Record comes as MPs warn of ‘dramatic and worrying collapse’ in clean energy investment
Windfarms provided more electricity than Britain’s nuclear power stations in the first three months of 2018, the first time it has ever done so across a quarter.
Between January and March, wind power produced 18.8% of the UK’s energy needs, compared to nuclear’s 18.76%. Gas was still the dominant source of the country’s electricity, at 39.4%.
Overnight on 17 March, wind accounted for almost half (47%) of Britain’s electricity, another new record, a report by researchers at Imperial College London revealed.
Despite doubts over wind’s ability to keep up supply during cold, calm spells, it provided between 12% and 43% of Britain’s electricity demand during the so-called Beast from the East, when the UK was struck by a prolonged and vicious cold snap at the end of February.
The opening of a new 2.2GW cable connecting Scotland – which has 7.7GW of wind capacity – to North Wales also helped to generate additional capacity over the first three months of the year.

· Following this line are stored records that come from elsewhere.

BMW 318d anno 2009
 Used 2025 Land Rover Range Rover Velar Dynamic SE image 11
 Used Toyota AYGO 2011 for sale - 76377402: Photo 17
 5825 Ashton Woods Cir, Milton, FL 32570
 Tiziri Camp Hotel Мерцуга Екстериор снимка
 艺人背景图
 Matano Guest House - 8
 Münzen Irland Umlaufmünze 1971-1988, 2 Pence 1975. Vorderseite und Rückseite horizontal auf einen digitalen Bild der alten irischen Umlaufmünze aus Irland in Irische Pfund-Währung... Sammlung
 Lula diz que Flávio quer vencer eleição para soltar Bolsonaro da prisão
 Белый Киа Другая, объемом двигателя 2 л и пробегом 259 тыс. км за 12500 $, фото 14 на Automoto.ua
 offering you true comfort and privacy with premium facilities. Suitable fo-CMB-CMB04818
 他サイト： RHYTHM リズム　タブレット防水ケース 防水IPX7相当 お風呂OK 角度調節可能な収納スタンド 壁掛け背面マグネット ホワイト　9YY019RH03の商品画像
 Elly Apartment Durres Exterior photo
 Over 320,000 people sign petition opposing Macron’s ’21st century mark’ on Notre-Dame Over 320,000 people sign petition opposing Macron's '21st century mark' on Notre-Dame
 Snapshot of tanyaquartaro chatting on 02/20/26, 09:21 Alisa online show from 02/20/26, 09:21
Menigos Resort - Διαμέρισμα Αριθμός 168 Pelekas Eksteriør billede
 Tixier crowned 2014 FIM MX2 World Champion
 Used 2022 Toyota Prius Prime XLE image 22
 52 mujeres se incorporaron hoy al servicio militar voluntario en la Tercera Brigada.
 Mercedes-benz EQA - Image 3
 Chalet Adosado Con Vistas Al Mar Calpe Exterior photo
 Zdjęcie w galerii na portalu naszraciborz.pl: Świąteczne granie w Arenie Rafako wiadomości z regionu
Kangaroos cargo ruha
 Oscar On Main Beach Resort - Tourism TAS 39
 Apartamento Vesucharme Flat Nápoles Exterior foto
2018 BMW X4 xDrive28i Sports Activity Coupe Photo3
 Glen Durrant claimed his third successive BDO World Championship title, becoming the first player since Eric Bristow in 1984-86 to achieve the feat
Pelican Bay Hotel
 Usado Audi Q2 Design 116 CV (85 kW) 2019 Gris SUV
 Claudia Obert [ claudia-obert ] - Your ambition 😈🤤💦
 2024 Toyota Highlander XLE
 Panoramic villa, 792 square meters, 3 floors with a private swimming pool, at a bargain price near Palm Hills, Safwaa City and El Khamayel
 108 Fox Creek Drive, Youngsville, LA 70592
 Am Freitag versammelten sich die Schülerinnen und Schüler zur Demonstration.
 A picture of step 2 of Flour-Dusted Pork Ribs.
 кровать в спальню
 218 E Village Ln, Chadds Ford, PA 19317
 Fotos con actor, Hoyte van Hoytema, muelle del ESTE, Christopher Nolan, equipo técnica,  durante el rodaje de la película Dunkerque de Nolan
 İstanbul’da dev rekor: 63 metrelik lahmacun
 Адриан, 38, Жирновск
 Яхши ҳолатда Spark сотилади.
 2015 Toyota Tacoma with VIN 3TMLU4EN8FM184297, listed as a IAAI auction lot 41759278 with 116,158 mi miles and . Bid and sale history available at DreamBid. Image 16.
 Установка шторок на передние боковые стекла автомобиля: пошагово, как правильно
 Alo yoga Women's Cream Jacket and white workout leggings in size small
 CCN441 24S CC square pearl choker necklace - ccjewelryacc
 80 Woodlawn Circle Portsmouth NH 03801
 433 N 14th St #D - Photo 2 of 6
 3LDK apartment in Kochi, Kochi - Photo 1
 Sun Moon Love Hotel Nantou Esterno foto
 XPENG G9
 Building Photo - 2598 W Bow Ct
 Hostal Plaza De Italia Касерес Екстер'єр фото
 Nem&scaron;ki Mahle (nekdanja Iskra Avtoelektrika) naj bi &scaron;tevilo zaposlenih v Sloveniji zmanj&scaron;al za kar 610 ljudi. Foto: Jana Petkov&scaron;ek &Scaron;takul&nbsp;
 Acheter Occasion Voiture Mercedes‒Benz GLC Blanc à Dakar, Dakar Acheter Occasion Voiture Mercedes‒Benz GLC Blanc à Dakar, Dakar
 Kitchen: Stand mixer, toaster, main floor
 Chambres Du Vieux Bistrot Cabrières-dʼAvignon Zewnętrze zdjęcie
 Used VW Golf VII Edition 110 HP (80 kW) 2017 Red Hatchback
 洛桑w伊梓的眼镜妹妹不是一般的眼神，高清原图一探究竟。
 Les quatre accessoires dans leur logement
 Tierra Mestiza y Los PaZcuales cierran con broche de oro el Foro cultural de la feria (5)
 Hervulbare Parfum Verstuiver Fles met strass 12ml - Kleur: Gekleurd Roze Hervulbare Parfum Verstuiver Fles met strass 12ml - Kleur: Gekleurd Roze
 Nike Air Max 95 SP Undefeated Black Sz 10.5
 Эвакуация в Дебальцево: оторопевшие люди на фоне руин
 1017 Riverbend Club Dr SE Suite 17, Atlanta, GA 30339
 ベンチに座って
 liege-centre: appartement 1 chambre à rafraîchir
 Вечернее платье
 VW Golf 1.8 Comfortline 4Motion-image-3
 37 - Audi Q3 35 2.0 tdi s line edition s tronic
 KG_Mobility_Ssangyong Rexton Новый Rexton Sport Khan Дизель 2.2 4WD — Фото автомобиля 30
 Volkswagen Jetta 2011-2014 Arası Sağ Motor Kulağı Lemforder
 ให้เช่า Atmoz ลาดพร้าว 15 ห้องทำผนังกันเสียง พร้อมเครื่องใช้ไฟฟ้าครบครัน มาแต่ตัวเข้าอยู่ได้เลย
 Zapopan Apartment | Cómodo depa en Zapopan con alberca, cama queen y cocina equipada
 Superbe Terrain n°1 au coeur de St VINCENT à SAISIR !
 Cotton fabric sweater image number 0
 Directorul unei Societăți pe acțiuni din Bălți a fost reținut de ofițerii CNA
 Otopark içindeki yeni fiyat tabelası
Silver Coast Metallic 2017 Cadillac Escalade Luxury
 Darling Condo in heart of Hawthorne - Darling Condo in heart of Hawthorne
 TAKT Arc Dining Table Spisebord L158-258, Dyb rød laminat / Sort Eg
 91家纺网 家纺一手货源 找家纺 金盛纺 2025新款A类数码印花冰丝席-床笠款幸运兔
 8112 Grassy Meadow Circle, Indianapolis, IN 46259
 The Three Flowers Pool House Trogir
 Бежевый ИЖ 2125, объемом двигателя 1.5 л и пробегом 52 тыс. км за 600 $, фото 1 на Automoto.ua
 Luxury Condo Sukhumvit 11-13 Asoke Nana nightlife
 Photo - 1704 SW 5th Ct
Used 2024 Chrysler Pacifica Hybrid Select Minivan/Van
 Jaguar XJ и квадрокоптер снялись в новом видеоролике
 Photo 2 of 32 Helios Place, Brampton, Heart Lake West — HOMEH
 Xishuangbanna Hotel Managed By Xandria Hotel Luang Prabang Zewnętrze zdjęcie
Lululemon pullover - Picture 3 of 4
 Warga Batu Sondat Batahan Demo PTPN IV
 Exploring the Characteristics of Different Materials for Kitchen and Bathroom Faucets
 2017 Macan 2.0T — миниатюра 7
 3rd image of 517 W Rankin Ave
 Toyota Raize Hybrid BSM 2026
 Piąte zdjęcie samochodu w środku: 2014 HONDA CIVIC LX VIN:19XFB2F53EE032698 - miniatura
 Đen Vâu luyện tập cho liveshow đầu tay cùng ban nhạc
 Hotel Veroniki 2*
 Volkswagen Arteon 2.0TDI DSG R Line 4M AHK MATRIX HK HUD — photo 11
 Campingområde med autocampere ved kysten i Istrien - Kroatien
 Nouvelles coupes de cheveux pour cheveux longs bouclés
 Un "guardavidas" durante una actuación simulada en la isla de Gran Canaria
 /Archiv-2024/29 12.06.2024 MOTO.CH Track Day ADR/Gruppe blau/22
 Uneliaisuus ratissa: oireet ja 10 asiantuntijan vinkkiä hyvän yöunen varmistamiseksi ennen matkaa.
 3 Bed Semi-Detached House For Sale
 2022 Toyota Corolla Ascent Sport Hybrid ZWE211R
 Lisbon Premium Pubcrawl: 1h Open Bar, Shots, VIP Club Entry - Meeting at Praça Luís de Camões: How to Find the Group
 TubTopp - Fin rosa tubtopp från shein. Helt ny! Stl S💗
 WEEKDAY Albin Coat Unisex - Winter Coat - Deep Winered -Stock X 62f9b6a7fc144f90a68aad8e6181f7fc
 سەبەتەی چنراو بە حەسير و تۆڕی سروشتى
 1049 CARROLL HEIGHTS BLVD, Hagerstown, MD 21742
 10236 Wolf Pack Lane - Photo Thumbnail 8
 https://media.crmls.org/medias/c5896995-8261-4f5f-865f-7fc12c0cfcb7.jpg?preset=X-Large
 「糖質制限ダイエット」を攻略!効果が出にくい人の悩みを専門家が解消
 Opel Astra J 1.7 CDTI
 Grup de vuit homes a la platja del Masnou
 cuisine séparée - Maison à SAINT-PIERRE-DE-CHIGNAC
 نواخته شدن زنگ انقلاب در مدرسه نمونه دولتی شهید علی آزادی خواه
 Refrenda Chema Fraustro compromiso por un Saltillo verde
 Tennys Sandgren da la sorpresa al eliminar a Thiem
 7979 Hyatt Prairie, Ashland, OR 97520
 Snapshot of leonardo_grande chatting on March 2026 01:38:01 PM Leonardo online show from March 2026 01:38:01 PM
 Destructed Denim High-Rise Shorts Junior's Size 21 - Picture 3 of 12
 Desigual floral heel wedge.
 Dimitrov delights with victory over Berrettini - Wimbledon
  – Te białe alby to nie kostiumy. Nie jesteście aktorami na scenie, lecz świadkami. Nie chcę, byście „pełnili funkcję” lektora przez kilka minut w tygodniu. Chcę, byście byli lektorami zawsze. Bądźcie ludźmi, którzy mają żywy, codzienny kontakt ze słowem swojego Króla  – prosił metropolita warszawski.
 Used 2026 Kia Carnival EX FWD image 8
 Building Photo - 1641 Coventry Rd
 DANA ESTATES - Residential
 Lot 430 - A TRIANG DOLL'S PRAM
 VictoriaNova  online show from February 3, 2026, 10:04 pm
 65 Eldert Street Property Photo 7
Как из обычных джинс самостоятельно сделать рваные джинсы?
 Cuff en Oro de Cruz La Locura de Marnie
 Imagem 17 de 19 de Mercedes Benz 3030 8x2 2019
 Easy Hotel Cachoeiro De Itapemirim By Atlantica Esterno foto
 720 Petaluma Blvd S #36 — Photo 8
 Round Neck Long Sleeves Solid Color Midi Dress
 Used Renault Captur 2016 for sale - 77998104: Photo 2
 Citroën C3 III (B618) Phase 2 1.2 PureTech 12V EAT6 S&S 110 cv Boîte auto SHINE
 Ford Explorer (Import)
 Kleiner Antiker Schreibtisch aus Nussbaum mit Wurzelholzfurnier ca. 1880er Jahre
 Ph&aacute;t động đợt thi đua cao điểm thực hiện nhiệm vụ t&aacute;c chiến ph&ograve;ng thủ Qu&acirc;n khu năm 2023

Nuclear power was held back in the first quarter after two reactors temporarily went offline for maintenance, while another shut down after seaweed clogged the plant’s cooling system.
But the apparent progress in renewables came as MPs warned there had been a “dramatic and worrying collapse” in clean energy investment over the past three years.
Despite low-carbon sources providing more than half of Britain’s electricity needs last year, annual investment in clean energy dropped 50 per cent in 2017, according to the Commons environmental audit committee.
A report published by MPs blamed government policy changes, including cuts to clean energy subsidies.
“Billions of pounds of investment is needed in clean energy, transport, heating and industry to meet our carbon targets,” said Mary Creagh, Labour MP and the committee’s chair.
“But a dramatic fall in investment is threatening the government’s ability to meet legally binding climate change targets.”